# [TASK TO CARRY OUT]
Begin at the top of the records below and return each line exactly through the line with "Rating: Safe Score: 0". Skip pictures.

# [RECORDED INFORMATION]
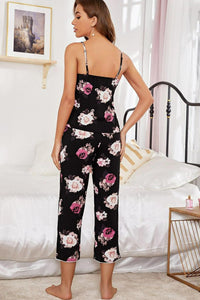 Thumbnail for Floral V-Neck Cami and Cropped Pants Lounge Set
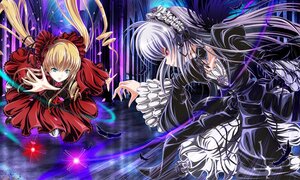 Rating: Safe Score: 0 Tags: 2girls black_wings blonde_hair blue_eyes bow dress flower frills hairband image long_hair long_sleeves multiple_girls pair red_dress red_eyes rose shinku silver_hair suigintou twintails very_long_hair wings User: admin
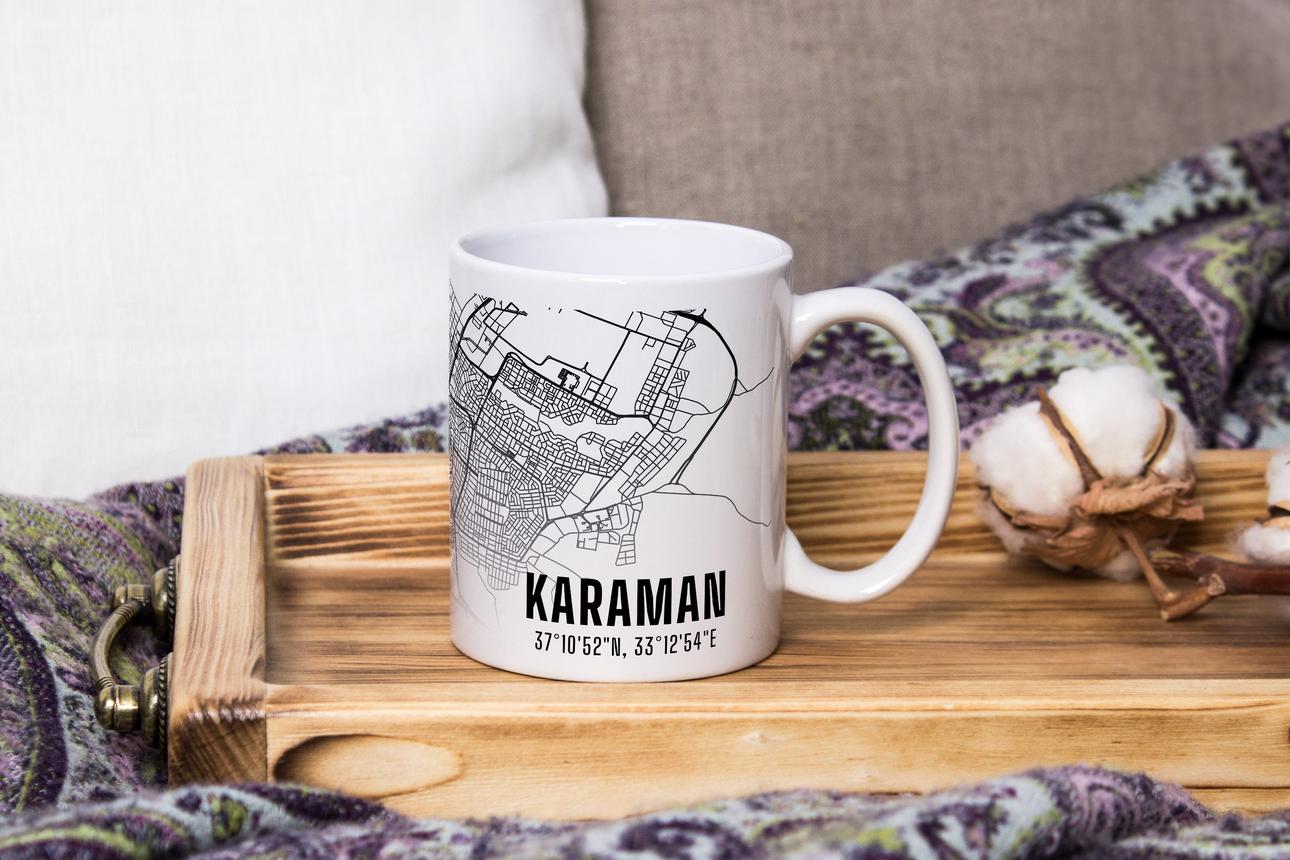 Karaman Şehir Haritası Baskılı Porselen Kupa Bardak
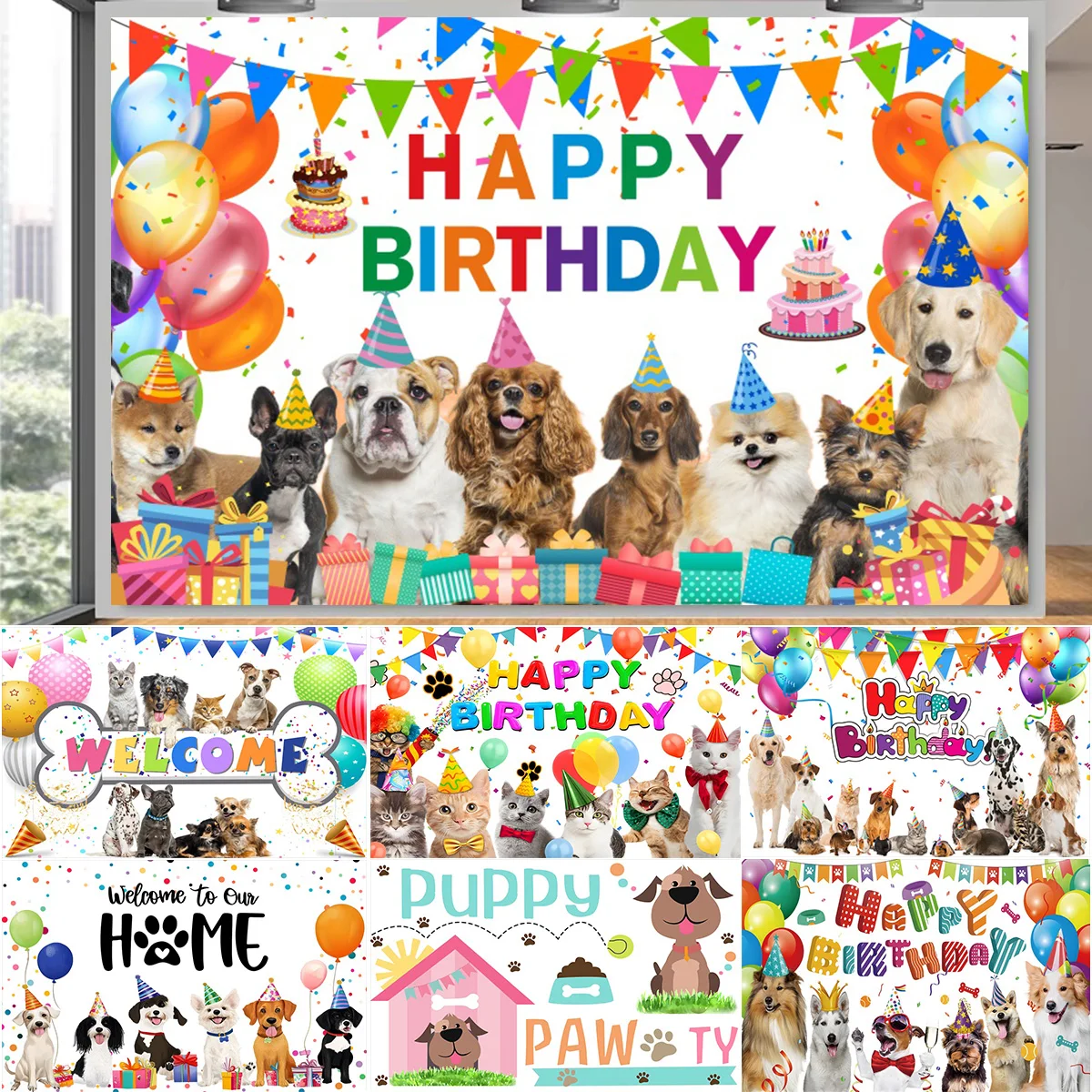 

Cartoon Cat Dog Pet Birthday Party Decor Backdrop Cute Cat Animals Baby Shower Portrait Photography Background Photo Studio Prop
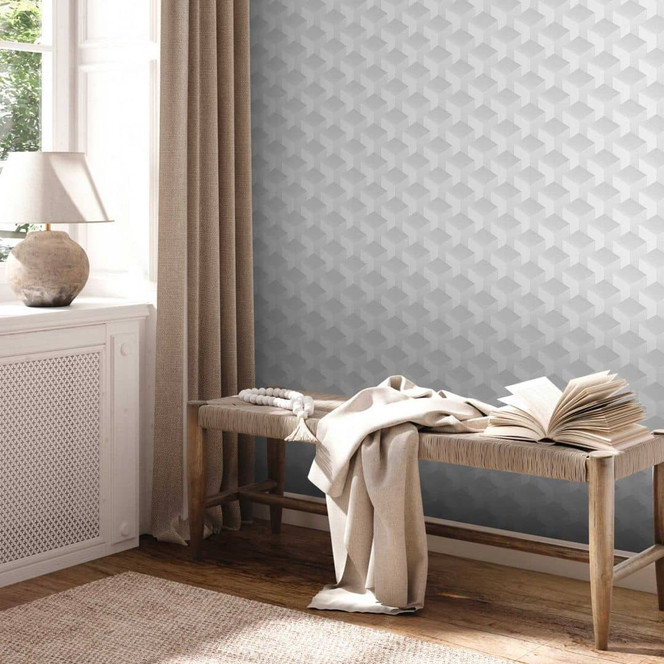 Retro-Tapete Grau - Grafiktapete mit 3D-Effekt - Vliestapete Wohnzimmer Schlafzimmer Küche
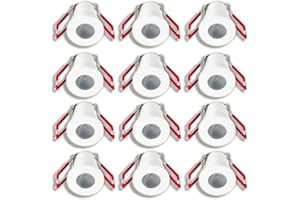 ‎LEDUX 3W LED Mini Einbaustrahler, Aluminium, IP65 Wassergeschützt, 3000K Warmweiß, Dimmbar mit Funk, Innen- und Außenbeleuchtung ideal für Terrassenüberdachung, Badezimmer, etc (Weiss, 12x Minispot)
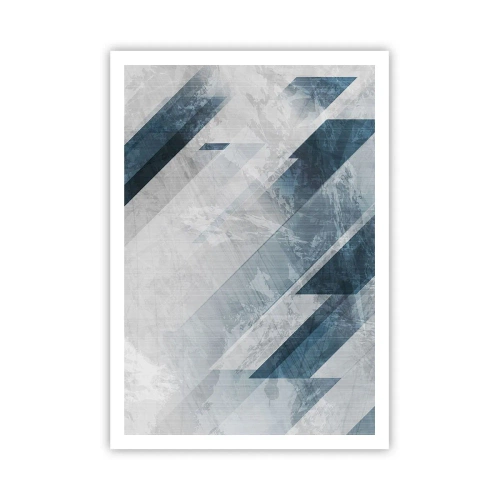 Affiche - Poster - Composition spatiale - mouvement gris - 70x100 cm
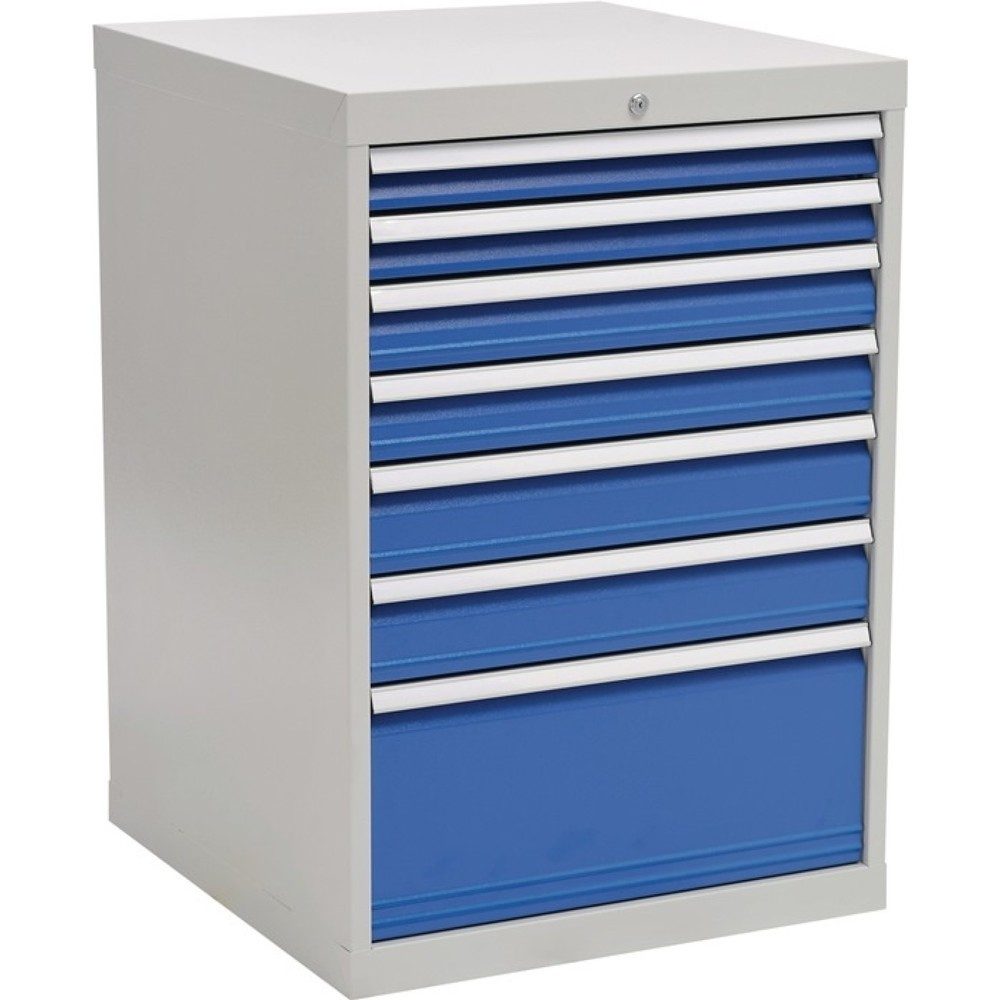 Schubladenschrank, lichtgrau/signalblau 7 Schubl., H1019xB705xT736mm, 2x75,2x100,2x125,1x300mm Vollauszug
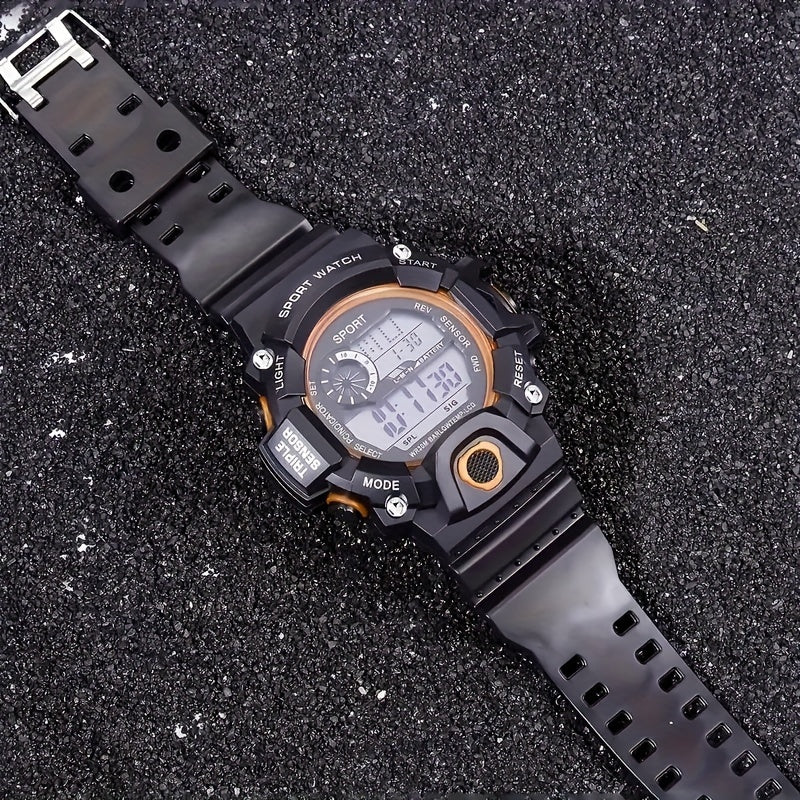 Multi-functional sports watch with electronic features for students, featuring night light, waterproof design, and alarm clock - perfect for teenagers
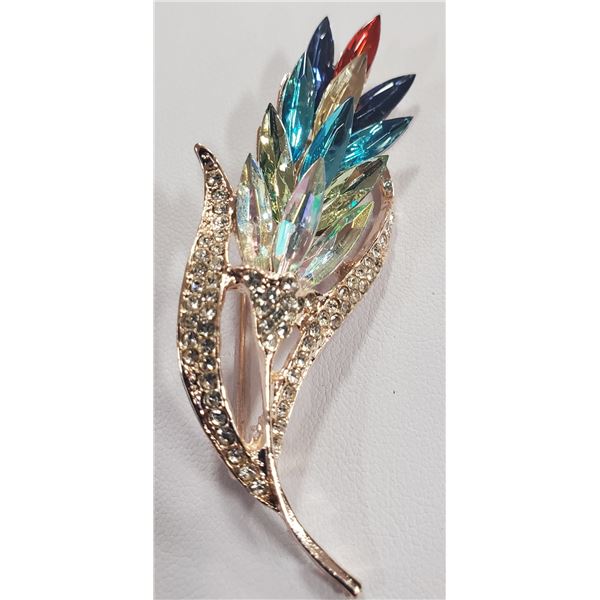 FLOWER RHINESTONE BROOCH WITH MARQUIS STONES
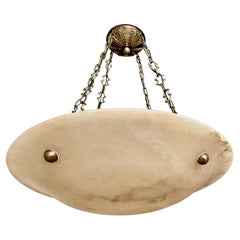 Large French Directoire Style Alabaster Chandelier Pendant Light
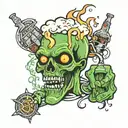 zombie beer tattoo design idea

# [ANSWER SPACE]
 Thumbnail for Floral V-Neck Cami and Cropped Pants Lounge Set
 Rating: Safe Score: 0 Tags: 2girls black_wings blonde_hair blue_eyes bow dress flower frills hairband image long_hair long_sleeves multiple_girls pair red_dress red_eyes rose shinku silver_hair suigintou twintails very_long_hair wings User: admin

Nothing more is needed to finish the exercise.